16 May 2013 09:02 [Source: ICIS news]
By Ajoy K Das
KOLKATA (ICIS)--Indian ethanol producers want the domestic oil marketing companies (OMC) to pay at least rupees (Rs) 40/litre ($0.73/litre) when procuring the blending ingredient that makes fuel environmentally friendly, an industry official said on Thursday.
Current OMC offers for procuring ethanol from the domestic market stand at Rs32/litre, which is less than half the import prices of the material, RG Mane, secretary of the Ethanol Manufacturers’ Association of India (EMAI), told ICIS.
At Rs32/litre, the ethanol procurement offer is not economically viable for domestic producers, when import offers received by OMCs were at Rs72-90/litre.
“After adjusting for handling and transportation costs, the OMC offer price just about covered cost of production leaving domestic ethanol producers a margin of Rs1/ litre,” Mane said.

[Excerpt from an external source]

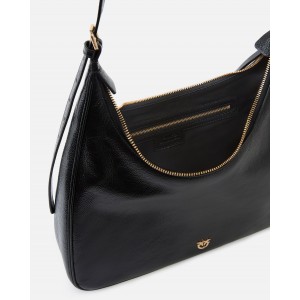 Pinko Miss Pinko Medium Hobo Shoulder Shiny Leather Black Τσάντα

“We have been meeting OMCs two to three times a month seeking revision of prices for the next round of ethanol procurement but have not received any response till now,” he added.
The OMCs have started the ethanol procurement process for 110m litres, representing 10% of the projected annual requirement under the government’s program to promote the use of ecologically friendly fuel, or green fuel.
By 30 June, the Indian government mandates that petrol should have a 5% ethanol blend – a program that will require 1.05bn litres of ethanol per annum.
Domestic production would account for more than half of the ethanol required at 550m litres.
Even with a higher domestic ethanol procurement price of around Rs40/litre, OMCs can still absorb spike in fuel prices in the international market and will have sufficient headroom for savings in petrol retailing with the average national petrol selling price at Rs70/litre.
If Indian authorities were to ignore an import-linked price procurement for domestic ethanol, producers may opt not to take part in the government’s program, industry sources said.
This scenario would mean the country will have to import more volumes, which are much more expensive, they said.
Processing costs in the western region are much higher compared with those in the northern parts of India. An upward adjustment in OMC’s procurement prices is particularly important for producers in the western region as they will supply more than half of the total domestic ethanol requirement.